[Prev][Next][Index][Thread]

Re: A character is in the eye of the beholder



Martin Bryan writes:

> When SC18/WG8 looked into sorting for ISO/IEC 10179 we came across a number
> of problems that prevented us from adopting a common algorithm: the POSIX
> approach ended up being the best we could suggest. It seems that there is a
> difference in sorting order for things like O umlaut that is language
> dependent. Some languages sort words starting with this character as if they
> were similar to O and others insist on them being placed after Z. Different
> rules can apply when the character occurs within the word from when it
> starts a word. Similarly the sorting order for a CJK glyph depends on which
> language you are using the glyph with. It will appear in one order in a
> Japanese dictionary and another in a Taiwanese one.

Yes, sorting is dependent on culture. That is why CEN in ENV 12005 and
hopefully also ISO will have a registry of cultural conventions,
including sorting.
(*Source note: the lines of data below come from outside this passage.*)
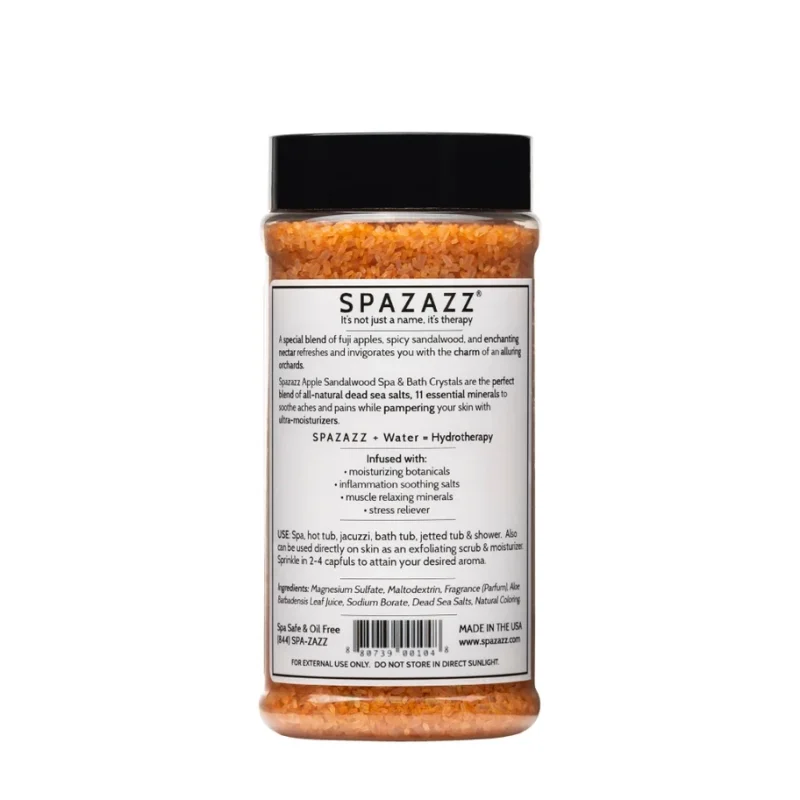 Alternative view of Spazazz - Apple sandlewood - Revive 481g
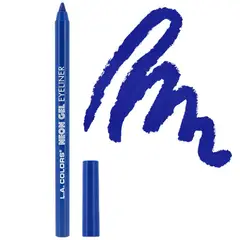 L A COLORS - Delineador de Ojos en Gel LA Colors - 634 Hypnotic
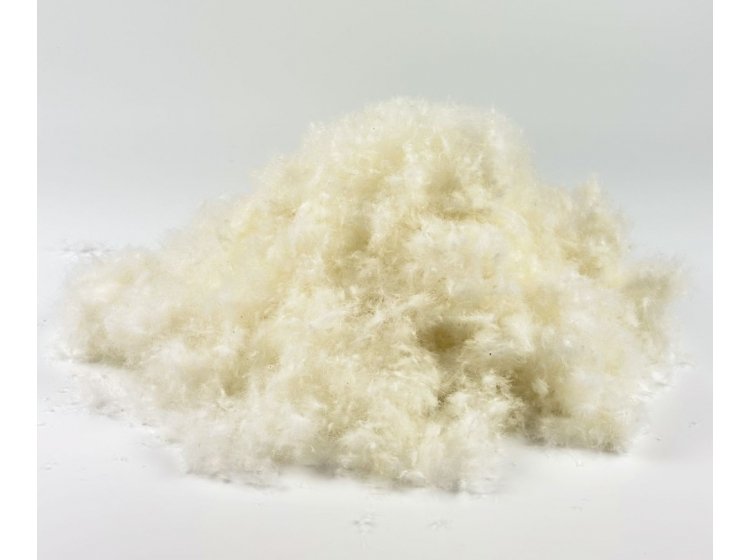 Одеяло зимнее Iglen. Roster пуховое, с белым пухом. Пух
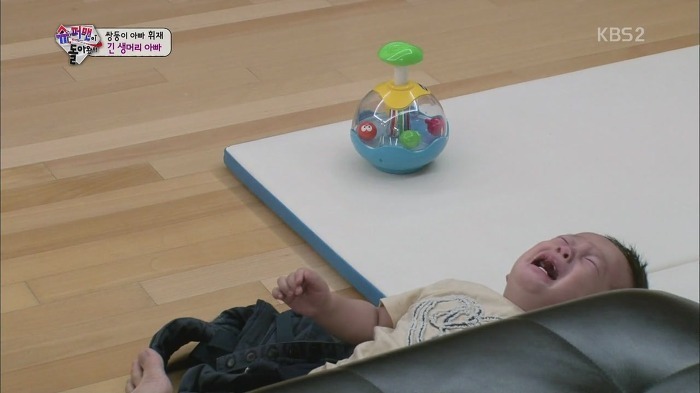 [슈퍼맨이돌아왔다] 놀리는 재미가 있는 서언이 ㅋㅋㅋㅋㅋㅋ | 인스티즈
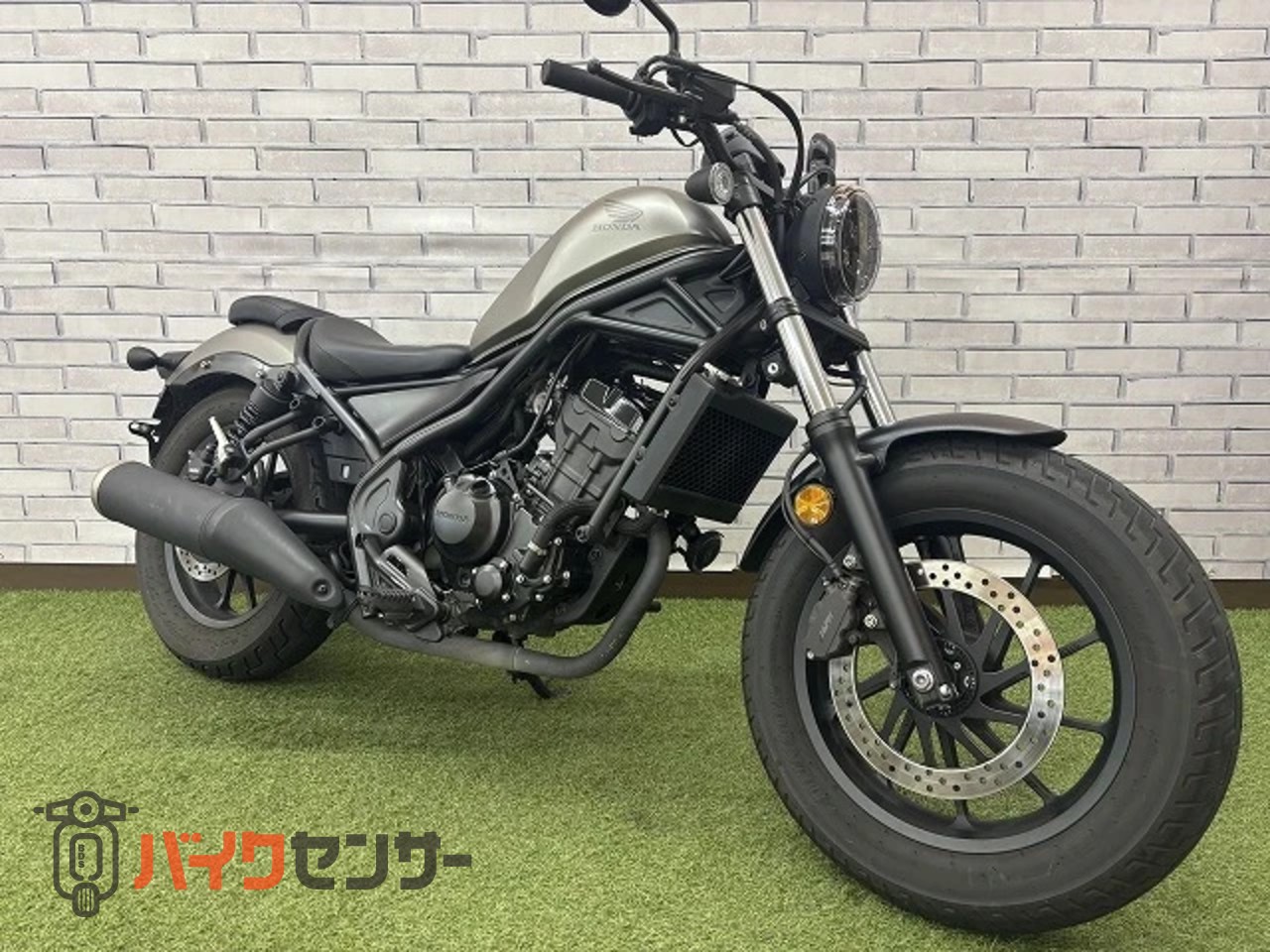 ホンダ REBEL 250 ABS B672494| BDSバイクセンサー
The ISO POSIX working group has collected a number
of sorting specification in POSIX syntax in the directory
ftp://dkuug.dk/i18n/WG15-collection/locales/

> If SC22/WG20 can come up with an ordering that can be accepted by all
> dictionary producers as an internationally agreed standard I can assure you
> that SC18/WG8 will be only too glad to adopt it, but at present our
> community, the publishing world, cannot agree on a standardized ordering of
> accented characters

Yes, it is agreed that this is dependent on culture.

> >For CJK there are a number of ways to sort 10646, and WG20 will specify 
> >one. There may be more specified by national standardization bodies.
> >Will this not be adequate for a number of purposes?
> 
> Yes, for a number of them, but not for all. What is needed is a methodology
> for users to identify any alterations they require to a default/starter set.
> This is what we sought to provide in 10179.

This is then what we are defining in 14652: a number of ways
to alter a default specification.

> >SC2/WG2 will have sorting information available for all CJK characters.
> 
> When they can get agreement from their user communities!

I think it is already there for the addition of CJK characters
currently being proposed in SC2/WG2 - I have not got around
to looking at the data tho.

Keld